Hi, I am preparing to fine-tune the wav2vec-large-xlsr-53 checkpoint for English and soon I will run the code on a cluster. The reason why I do that is because in the first iteration we try to reproduce the training for a language with a lot of data and then we will move to a language with lower amount of data.

I tried to run the model for less than 1 epoch because google Colab trains really slowly unless you have the Pro version and I wanted to make sure that the code works properly before moving it in the cluster. I tried to test the model just to check the batch decoder and the predicted logits resulted into a decoded empty string.

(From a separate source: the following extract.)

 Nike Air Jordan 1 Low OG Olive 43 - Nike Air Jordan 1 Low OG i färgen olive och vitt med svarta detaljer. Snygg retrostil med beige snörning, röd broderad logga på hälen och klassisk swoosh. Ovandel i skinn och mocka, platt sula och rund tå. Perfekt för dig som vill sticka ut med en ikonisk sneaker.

I tried this experiment on both an English dataset and an Irish dataset. The function I used to evaluate the results is not the problem as I tested it with a pre-trained model and it works fine.

def map_to_result(batch):
  with torch.no_grad():
    input_values = torch.tensor(batch["input_values"], device="cuda").unsqueeze(0)
    logits = model(input_values).logits

  pred_ids = torch.argmax(logits, dim=-1)
  batch["pred_str"] = processor.batch_decode(pred_ids)[0]
  batch["text"] = processor.decode(batch["labels"], group_tokens=False)
  return batch

I wanted to know if this behavior happens because I didn’t train the model well enough or if there is a problem with either my tokenizer or the saved model. Could somebody clarify it for me?